Идеалы христианской жизни — страница 86 из 101

Старец говорил так: «Вот я тебе скажу об убогом Серафиме. Я усладился словом Господа моего Иисуса Христа, где Он говорит: в дому Отца Моего обители мнози суть. На этих словах Христа Спасителя я, убогий, остановился и возжелал видеть оные небесные обители, и молил Господа Иисуса Христа, чтобы показал мне эти обители. Господь не лишил меня Своей милости. Вот я был восхищен в эти небесные обители. Только не знаю, с телом ли или кроме тела, Бог весть – это непостижимо. А о той радости и сладости, которые я там вкушал, сказать тебе невозможно».

Отец Серафим замолчал… Он поник головой, водя рукой около сердца. Лицо его до того просветлело, что нельзя было смотреть на него. Потом снова заговорил: «Если бы ты знал, какая радость ожидает душу праведную на небе, ты решился бы во временной жизни переносить всякие скорби, гонения, клевету; если бы келья наша была полна червей и черви эти ели бы плоть нашу всю временную жизнь нашу, то надобно бы было на это согласиться, чтобы только не лишиться той небесной радости. Если сам святой апостол Павел не мог изъяснить той небесной славы, то какой же другой язык человеческий может изъяснить красоту горнего селения?»

Помещица, госпожа Еропкина, передает свое впечатление от одного разговора со старцем. «Я удостоилась услышать от него утешительный рассказ о Царствии Небесном. Ни слов его, ни впечатления, сделанного им на меня в ту пору, я не силах теперь передать в точности. Вид его лица был совершенно необыкновенный. Сквозь кожу у него проникал благодатный свет. В глазах у него выражалось спокойствие и какой-то неземной восторг. Надо полагать, что он, по созерцательному состоянию духа, находился вне видимой природы, в святых небесных обителях, и передавал мне, каким блаженством наслаждаются праведники.
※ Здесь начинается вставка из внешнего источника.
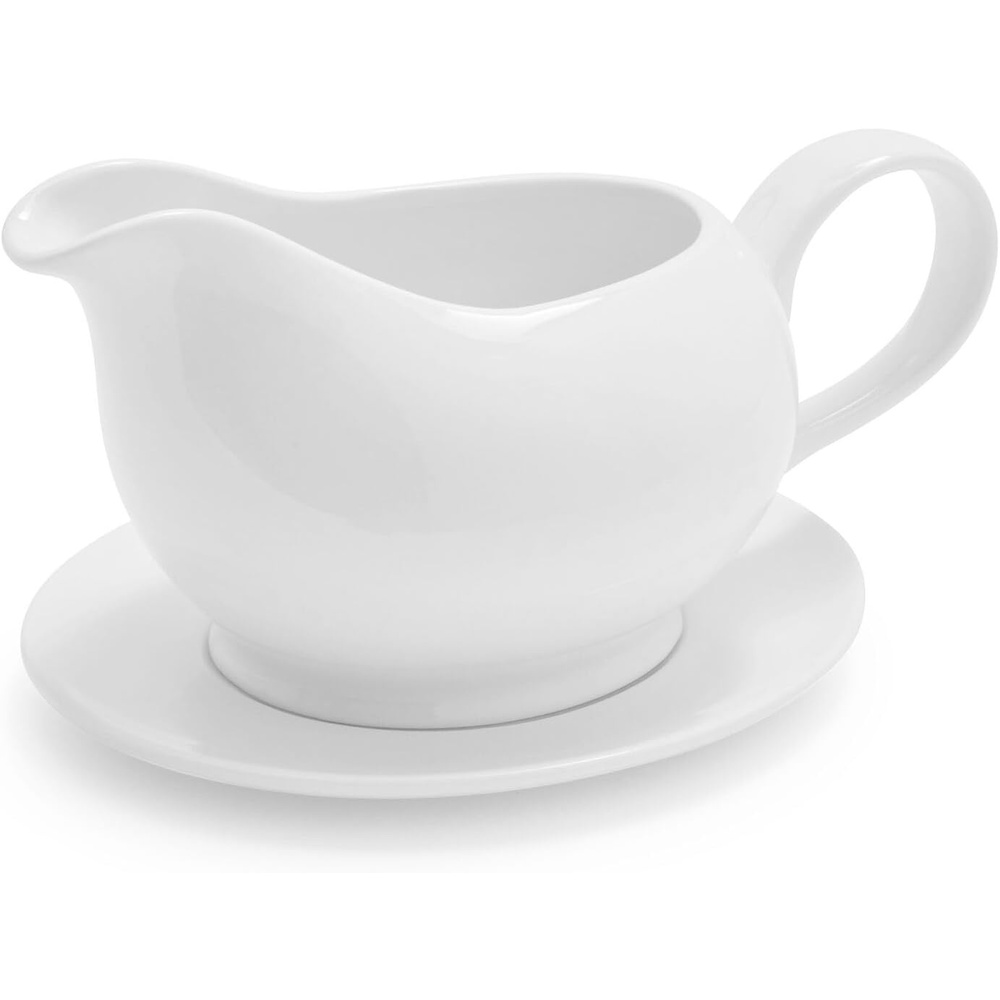 image:imageSur La Table Porcelain Gravy Boat with Saucer Classic White Lidded Vessel and DripCatching Saucer for Table Service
Всего я не могла удержать в памяти, но знаю, что говорил он мне о трех святителях: Василии Великом, Григории Богослове, Иоанне Златоусте, в какой славе они там находятся. Подробно и живо описал красоту и торжество святой Февронии и многих других мучениц. Подобных живых рассказов я ни от кого не слыхала. Но он точно не весь высказался мне тогда и прибавил в заключение: “Ах, радость моя, такое там блаженство, что и описать нельзя!”»

Конечно, воспоминания о таких мгновениях, которые в жизни его должны были возобновляться, давали старцу Серафиму настроение радости и веселия духовного.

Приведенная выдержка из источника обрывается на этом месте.